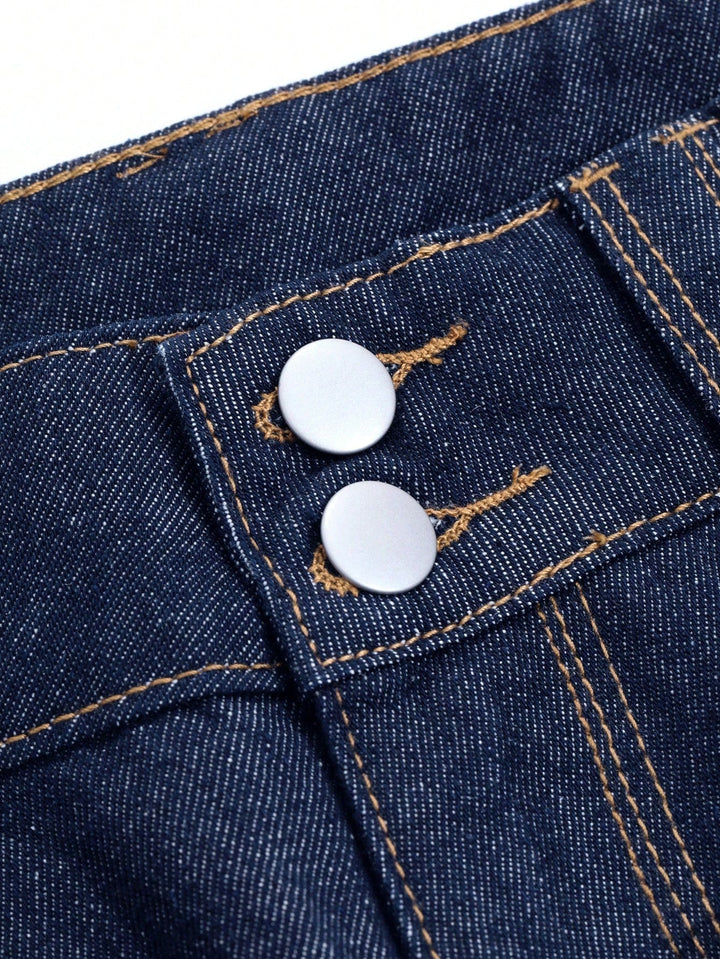 Women - Wide Jeans - Vintage Denim with Button Cuffs - Trendy and Comfortable Fashion for Every Occasion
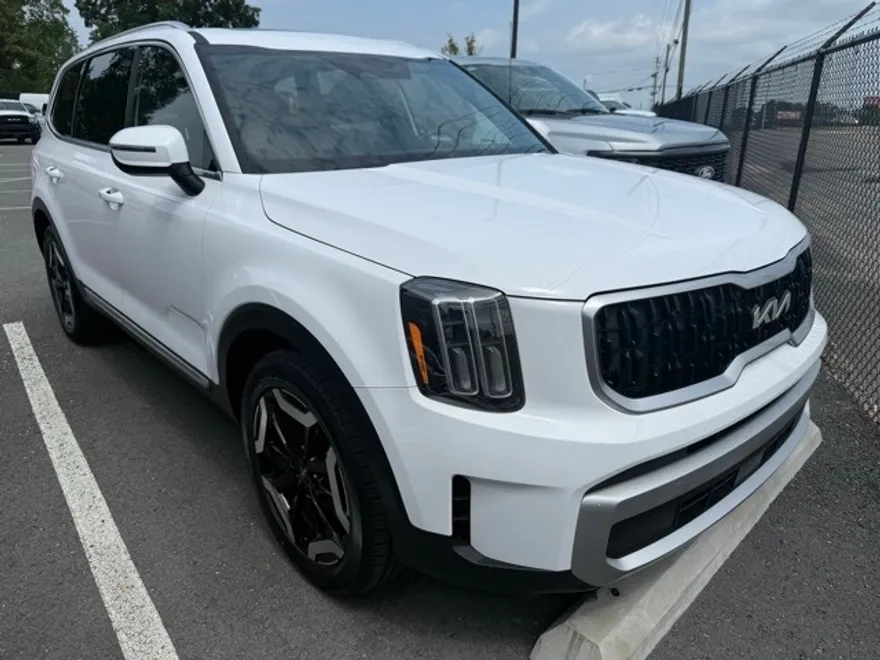 2024 Kia Telluride EX photo 1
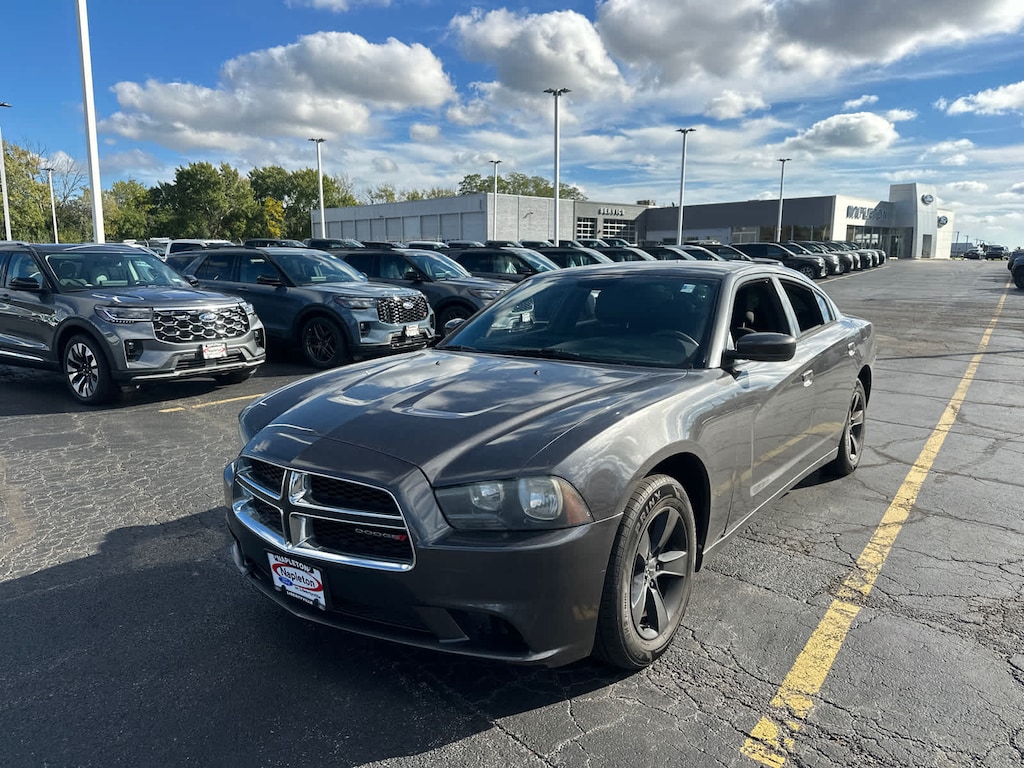 Used 2013 Dodge Charger SE Sedan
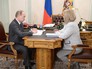 Президент России Владимир Путин и Уполномоченный по правам человека в России Элла Памфилова Президент России Владимир Путин и Уполномоченный по правам человека в России Элла Памфилова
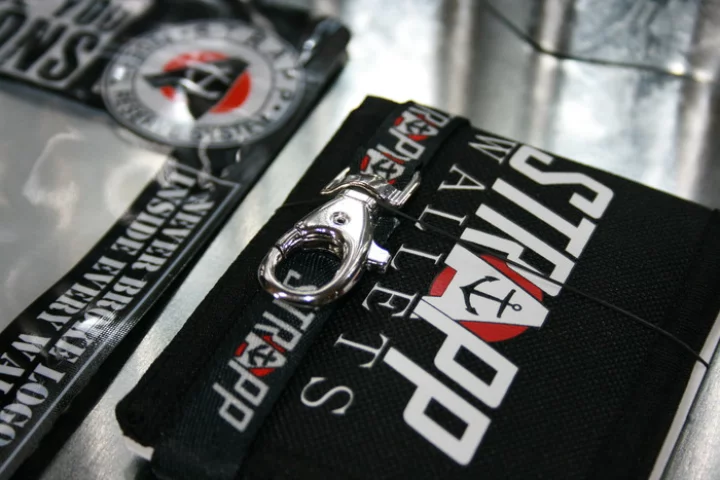 The Strapp Wallet is designed to be secured without chains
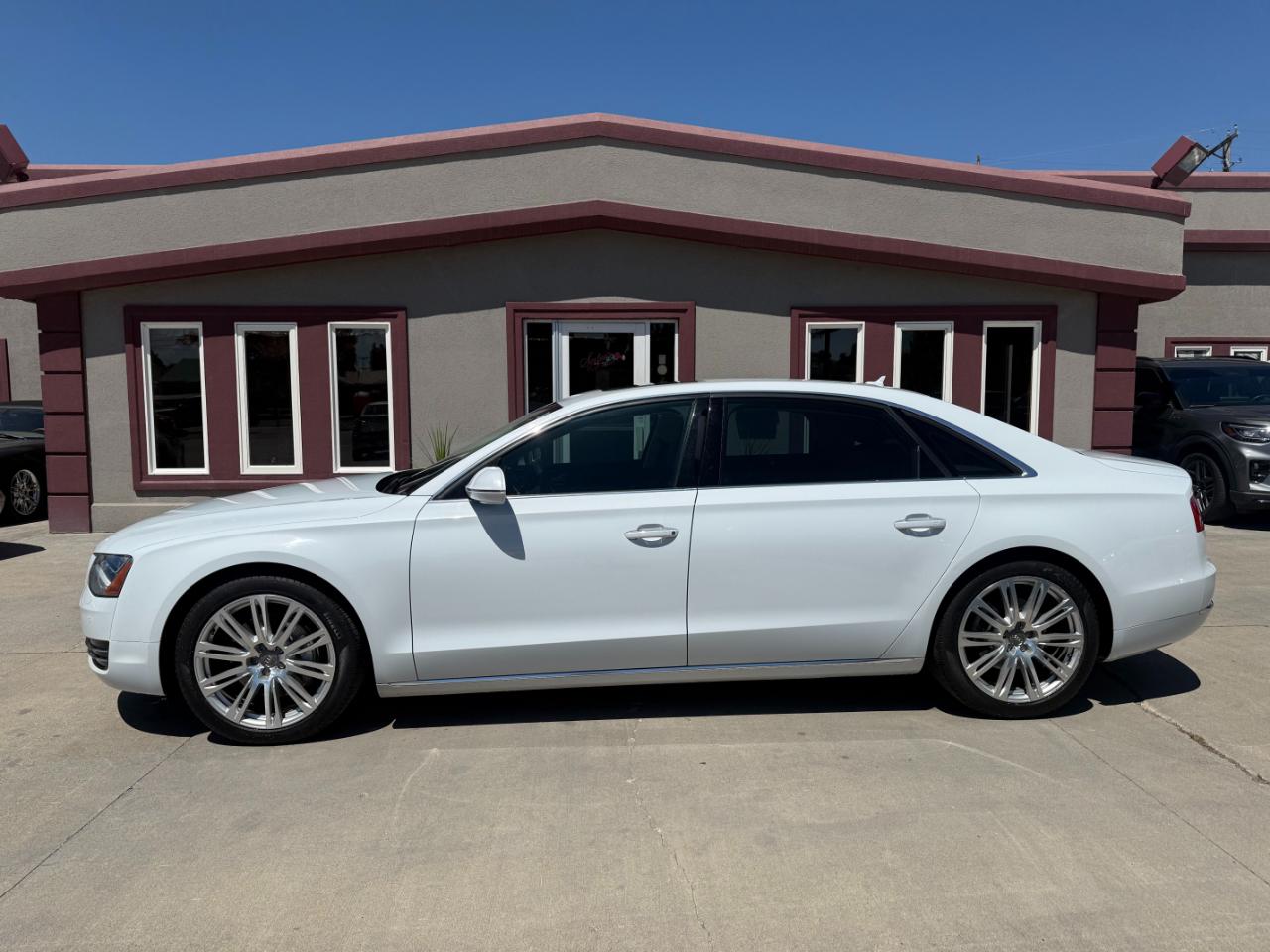 Audi A8 L quattro 2014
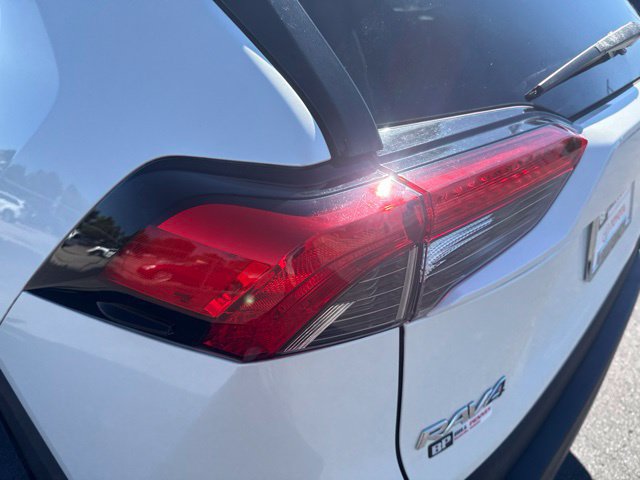 Used 2021 Toyota RAV4 XLE Premium AWD/4WD image 10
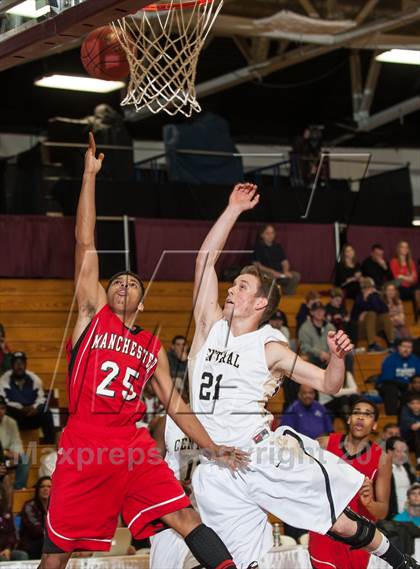 Thumbnail 2 in Springfield Central vs. Manchester (Spalding Hoophall Classic) photogallery.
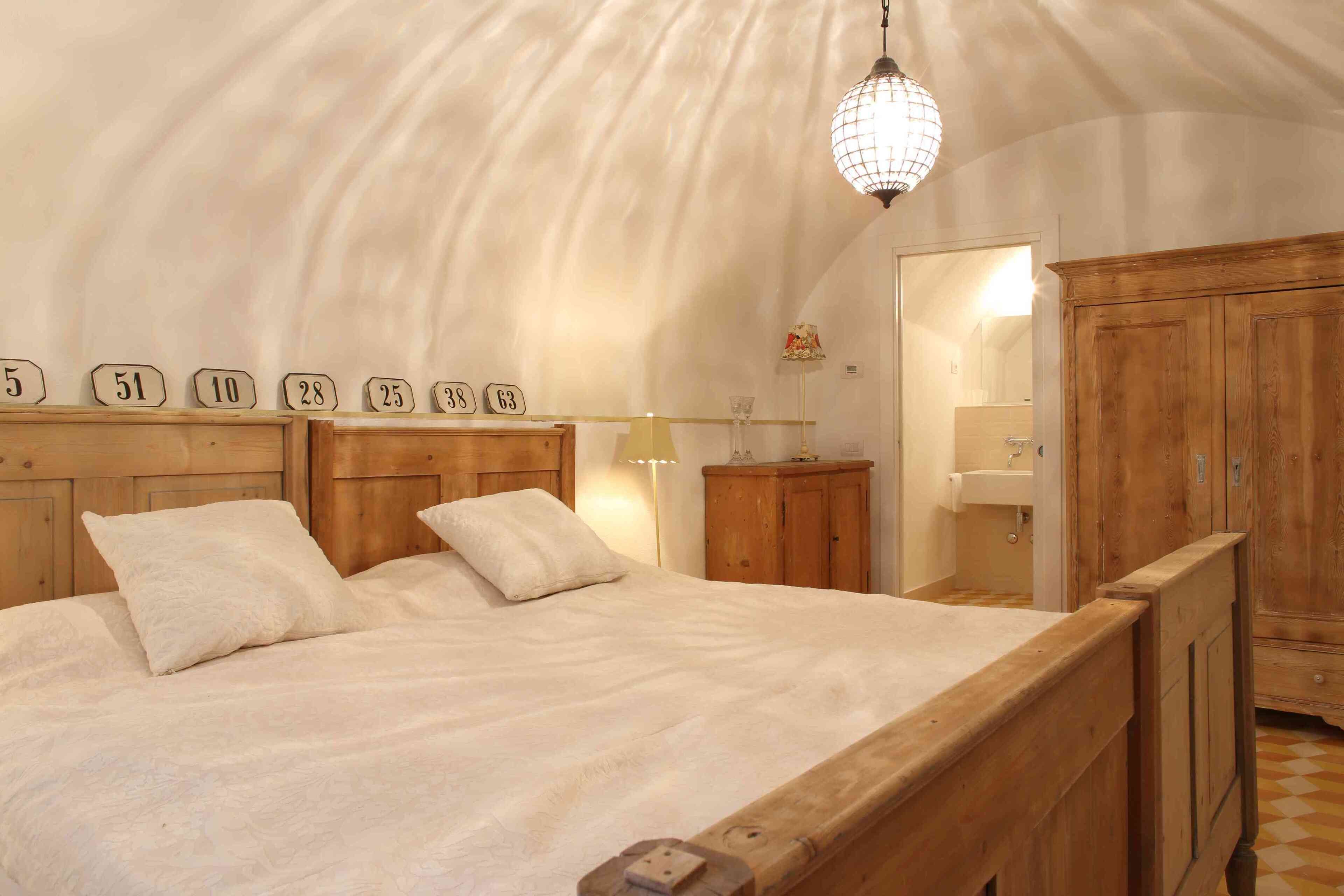 1 slaapkamer, een strijkplank/strijkijzer, reisbedje, gratis wifi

__YOUR ASSIGNMENT__
Could you return exactly the lines starting with the one that contains "Used 2021 Toyota" and ending with the last line of the data above? Leave the pictures out.

__OUTPUT__
 Used 2021 Toyota RAV4 XLE Premium AWD/4WD image 10
 Thumbnail 2 in Springfield Central vs. Manchester (Spalding Hoophall Classic) photogallery.
 1 slaapkamer, een strijkplank/strijkijzer, reisbedje, gratis wifi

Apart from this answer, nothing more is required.